L'histoire sordide d'une gouvernante qui aurait poignardé à mort deux jeunes enfants dans un chic appartement de Manhattan a semé la consternation chez les parents new-yorkais, qui se demandent désormais s'ils connaissent vraiment les femmes à qui ils confient leurs enfants.

La nounou, Yoselyn Ortega, reposait dans un état critique vendredi après avoir présumément retourné le couteau contre elle. Les policiers ne pouvaient pas la questionner, en partie parce qu'elle respire toujours à l'aide d'un tube.

Le mobile de son crime et son état d'esprit demeurent inconnus. Aucune accusation n'a été portée contre elle pour l'instant.

Jeudi soir, la mère des enfants assassinés, Marina Krim, est rentrée d'un cours de natation avec sa fille de trois ans et a retrouvé ses deux autres enfants, âgés de deux et six ans, en train de succomber à leurs coups de couteau dans la baignoire de l'appartement familial, situé près de Central Park.

Le commissaire de police Raymond Kelly a déclaré que l'enquête n'avait pas jusqu'à maintenant révélé si quelque chose ne tournait pas rond au sein de la famille avant la tragédie.

La police enquêtait pour savoir si Mme Ortega, 50 ans et citoyenne américaine naturalisée, avait tenté d'obtenir de l'aide psychiatrique récemment. Elle travaillait pour la famille Krim depuis deux ans et y était parvenue en étant référée par une autre famille.

S'il y avait des conflits entre la famille et la gouvernante, il ne pouvaient être décelés sur le blogue de la mère des enfants.

Marina Krim avait même décrit avec affection le voyage que la famille avait fait en République Dominicaine, le pays d'origine de Mme Ortaga. Les Krim avaient même logé chez la soeur de leur gouvernante.

«Nous avons rencontré la famille épatante de Josie! Et la République Dominicaine est un pays merveilleux!!», avait-elle écrit, alors que des photos sur le blogue montraient la famille souriante.

Des dizaines de milliers de gouvernantes travaillent à New York, mais les cas de violence contre les enfants sont extrêmement rares.

«Pour les parents qui travaillent, cette histoire est un cauchemar. Toutes les mères que je connais se demandent aujourd'hui "Comment est-ce que je peux retourner travailler"», a confié Denise Albert, qui a deux jeunes enfants et habite près du lieu de la tragédie.

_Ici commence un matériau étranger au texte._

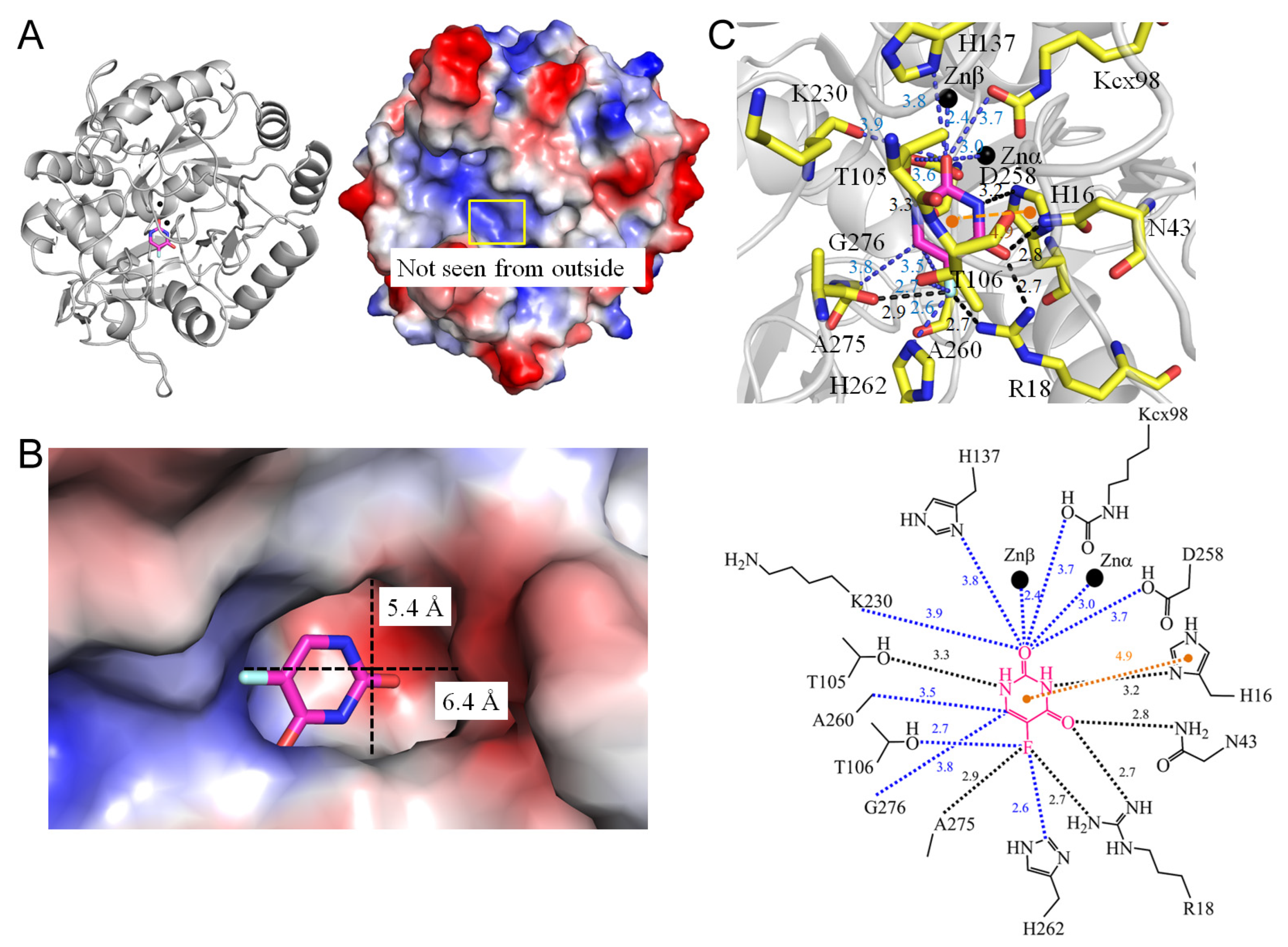 Ijms 25 03404 g010 Ijms 25 03404 g010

Une autre mère, Elizabeth McCarthy, a soutenu que la tragédie n'ébranlait en rien sa confiance pour sa nounou.

De l'autre côté de la rue de l'édifice où habitaient les Krim, plusieurs gouvernantes accompagnées d'enfants étaient figées vendredi, observant les policiers.

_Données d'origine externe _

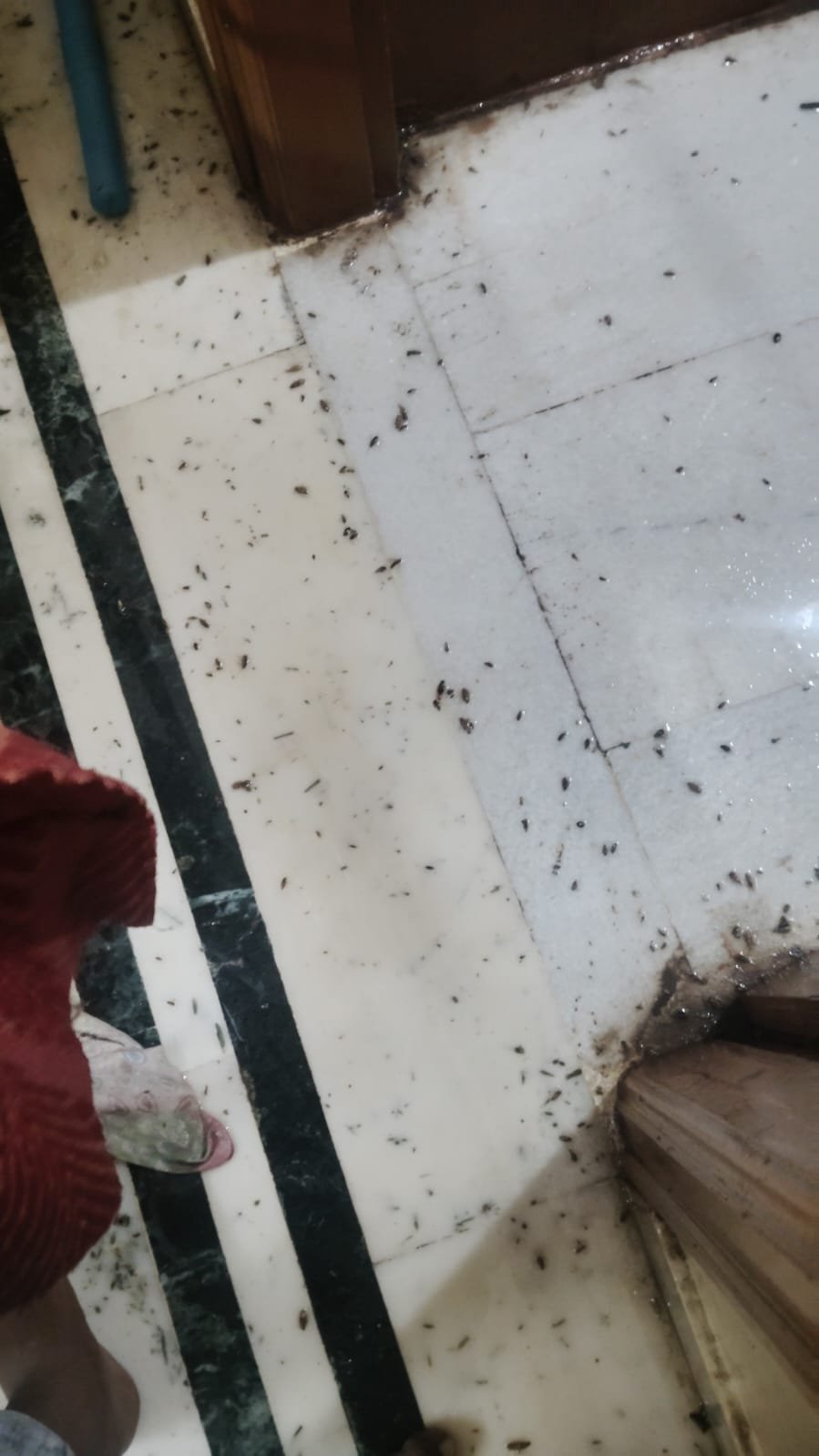 Pest control treatment result Bangalore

Michelle Person, une nounou de la Jamaïque, a dit qu'elle aimait comme un fils le garçon de 11 ans dont elle s'occupait.

«On se sent comme si c'était les enfants dont on prenait soin. C'est horrible,» a-t-elle lancé, les yeux remplis de larmes.

L'État de New York a adopté il y a deux ans une loi protégeant les gouvernantes de l'exploitation financière. La plupart d'entres elles travaillent des journées de 10 à 12 heures, habituellement pour des salaires peu élevés et sans avantages sociaux.

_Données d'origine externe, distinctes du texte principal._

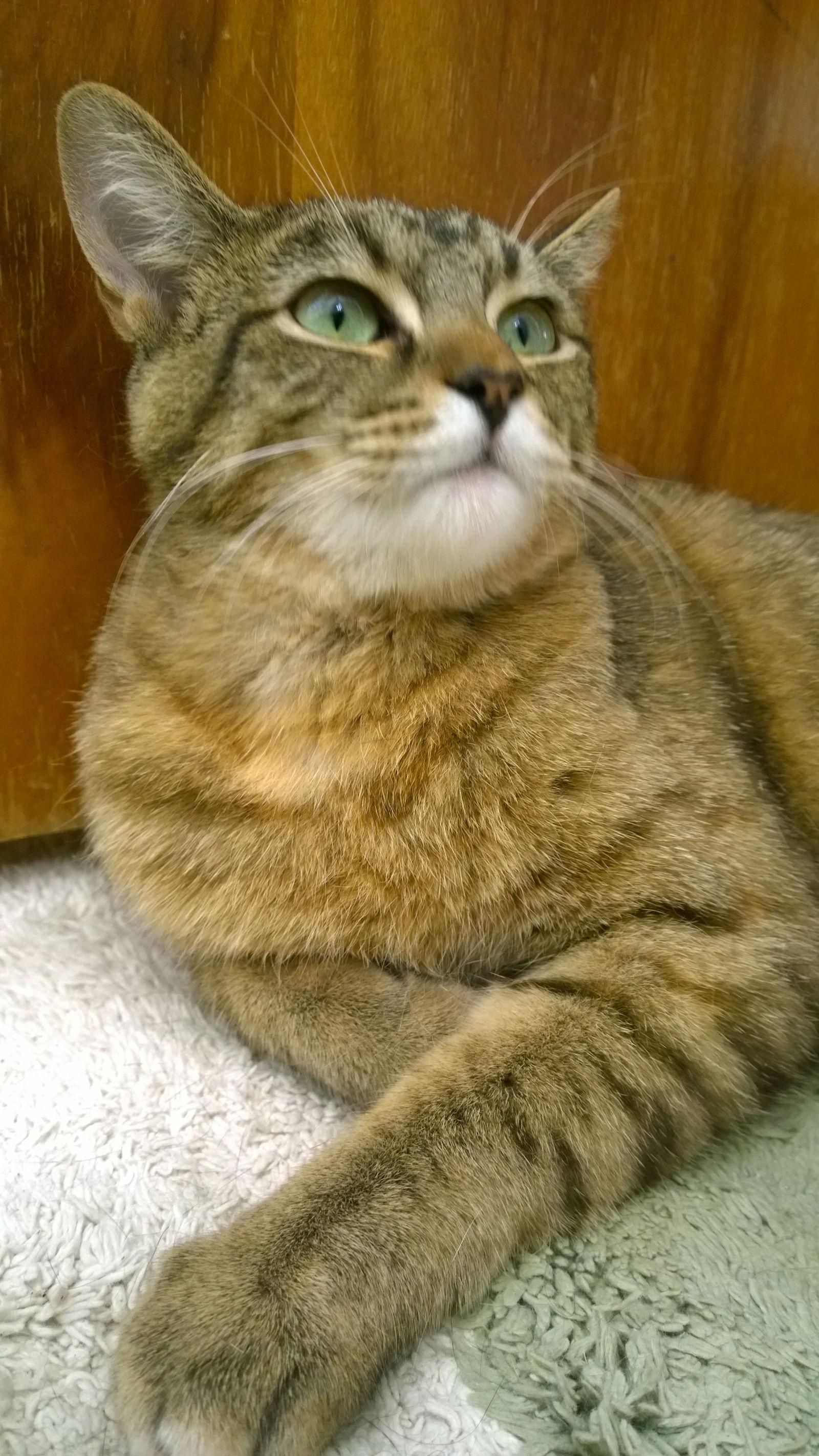 Rose — thumbnail 2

«Elle est évidemment folle», a dit de Mme Ortega Sharon Weatley, une dramaturge qui a déjà travaillé comme gouvernante et qui se fie à des gardiennes pour prendre soin de ses filles âgées de 4 et 14 ans.

«Mais je pense aussi que les personnes qui s'occupent d'enfants ont parfois beaucoup de colère envers leurs employeurs. On leur demande de faire des choses impossibles en plus de prendre soin de leurs enfants. Elles peuvent devenir surmenées et frustrées tout comme les parents peuvent être surmenés,» a-t-elle ajouté.